Twilight Chapitre 3 : Hésitation
Le 07/07/2010 à 00:01Par Elodie Leroy
Adapter le tome 3 de Twilight n'était pas chose aisée puisqu'il s'agit du maillon faible de la série. Bonne nouvelle, le film contourne les défauts de rythme du roman en développant davantage sa part d'action sans toutefois négliger la romance, judicieusement condensée mais fidèlement restituée en dépit de quelques baisses de tension dramatique. Les fans se réjouiront par ailleurs du traitement réussi réservé à certains personnages secondaires (Jasper, notamment). En outre, si l'on reprochait au premier Twilight son style visuel trop lisse et au second de ressembler à un téléfilm de luxe, Twilight Chapitre 3 : Hésitation monte d'un cran les standards artistiques et techniques de la franchise. Epaulé par des effets spéciaux de qualité, David Slade confirme son sens esthétique aiguisé et délivre quelques séquences classieuses, à défaut d'améliorer le fond qui s'égare parfois dans des considérations en retard de plusieurs décennies. Les fans s'y retrouveront ; les autres se révèleront moins enthousiastes mais seront au moins convaincus par la qualité de la production.

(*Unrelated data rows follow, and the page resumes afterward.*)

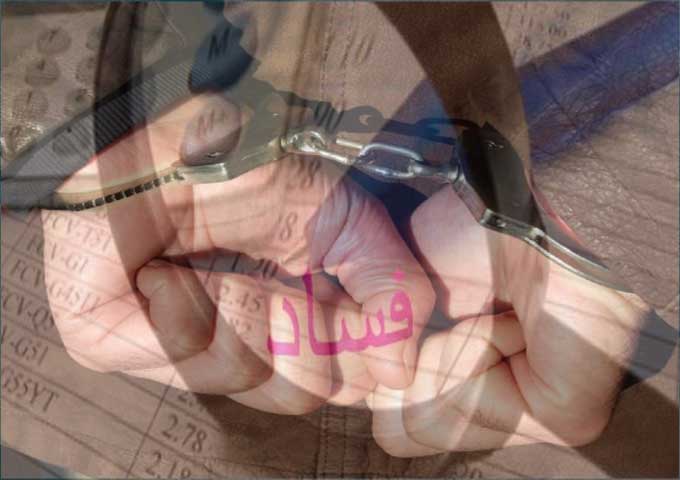 إيقاف الأخوين فتحي وعادل جنيح مهربي النحاس بسوسة وعلي القريري أكبر مهرب في القصرين 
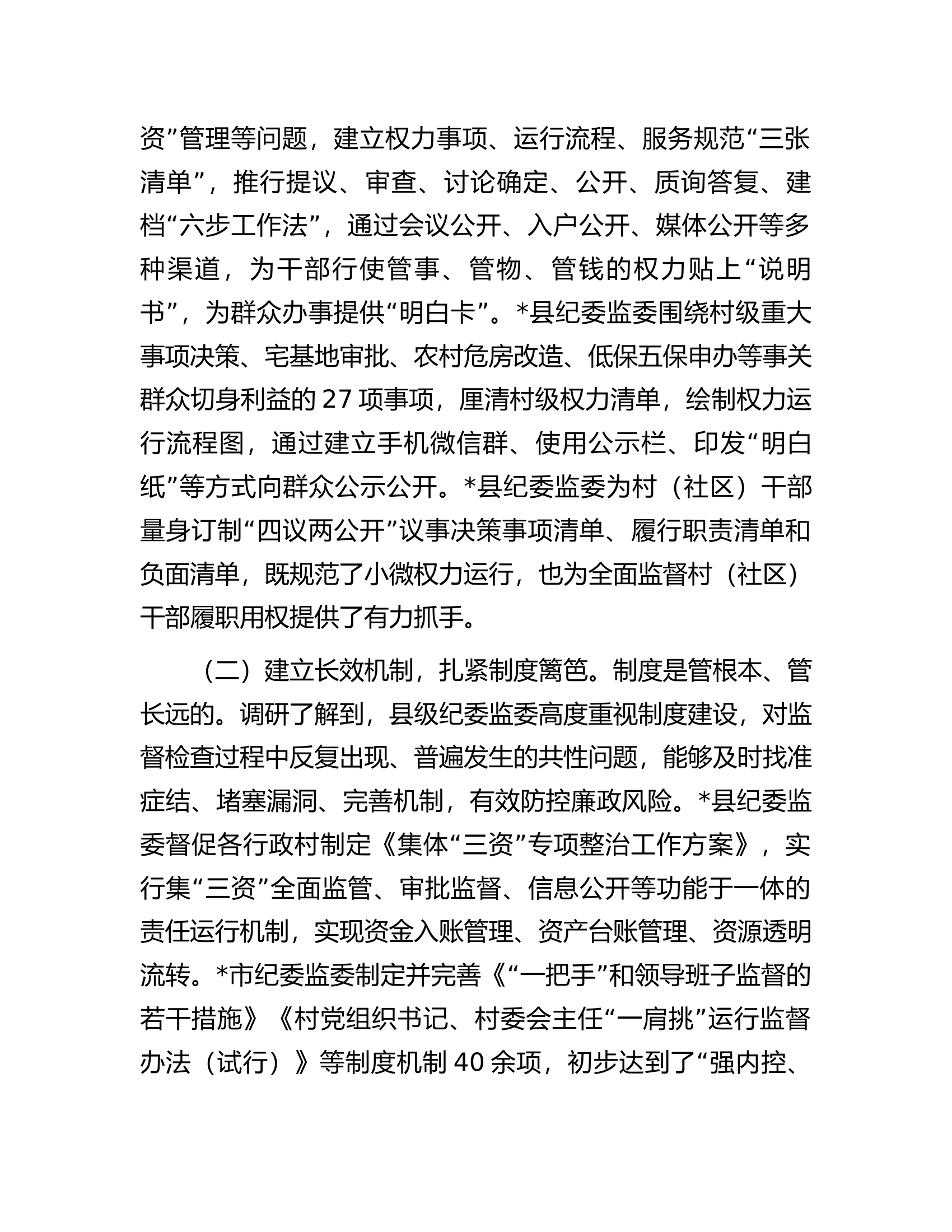 关于部分县级纪委监委整治损害群众利益腐败问题情况的调研报告.docx 第2页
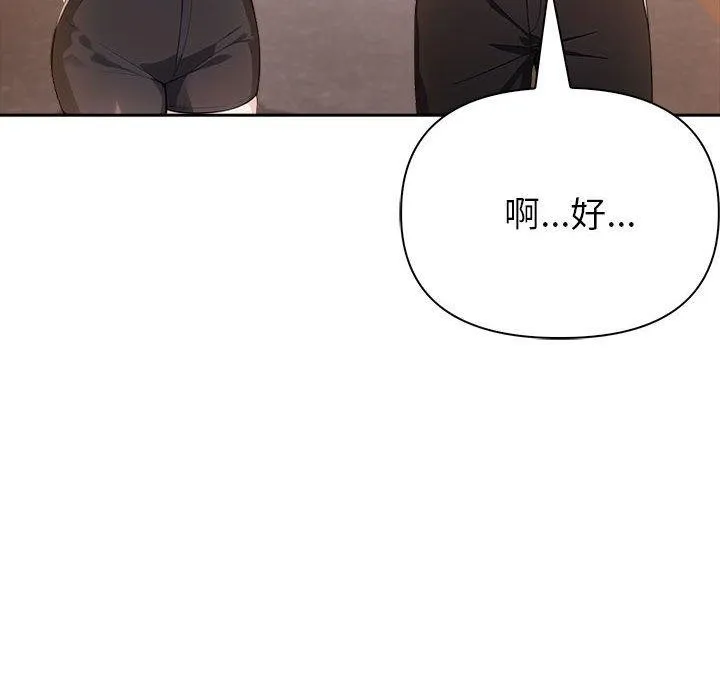 夫妇游戏 - 第5話 - page 209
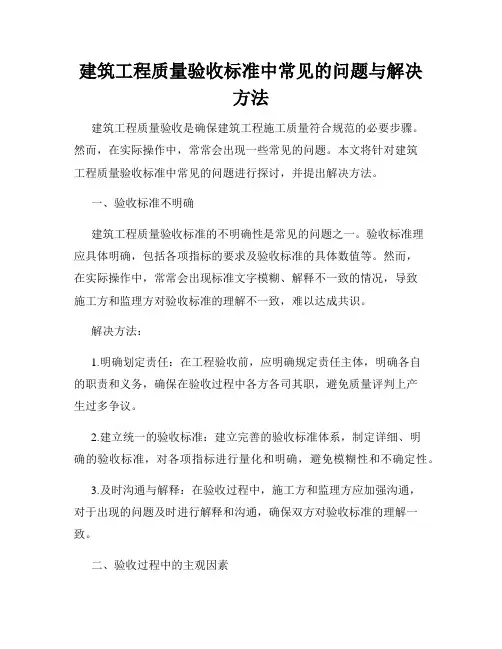建筑工程质量验收标准中常见的问题与解决方法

Découvrez ci-dessous la critique de Twilight Chapitre 3 : HésitationCritique Twilight Chapitre 3 : Hésitation
On ne présente plus le phénomène Twilight, série de roman de Stephenie Meyer narrant les amours de Bella Swan et du Vampire Edward Cullen et vendue à des millions d'exemplaires à travers le monde. Un engouement qui s'explique en partie par la rareté des œuvres fantastico-gothiques s'adressant en priorité aux jeunes filles (en Occident du moins car les Japonais y avaient pensé bien avant dans leurs shojo mangas). Autour des deux personnages principaux, Stephenie Meyer a su créer son propre univers en reprenant de manière sélective les codes du genre pour y ajouter des éléments de son cru. Réalisé par Catherine Hardwicke et sorti début 2009, le premier volet de l'adaptation cinématographique parvenait à donner vie à cet univers grâce à une mise en place efficace mais décevait par des scènes d'action grandguignolesques. On lui reprochait en outre une esthétique certes soignée mais d'aspect trop lisse, trop papier glacé, en plus de quelques ratés dans les maquillages. Au contraire, le second film réalisé par Chris Weitz, Twilight Chapitre 2 : Tentation, jouait la carte d'un style visuel plus brut, davantage en accord avec le monde des Quileutes dont il était question à travers l'entrée en scène et la mutation de Jacob. C'est à David Slade (Hard Candy, 30 Jours de Nuit) qu'écope la tâche ardue de porter à l'écran le tome 3, certainement le plus difficile à adapter puisqu'il s'agit du maillon faible de la série. La bonne nouvelle, c'est que le réalisateur de l'excellent Hard Candy contourne la plupart des handicaps posés par le roman et monte d'un cran les standards artistiques et techniques de la franchise. Cependant, outre une tension dramatique inégale, certaines lignes de dialogues risquent de faire bondir...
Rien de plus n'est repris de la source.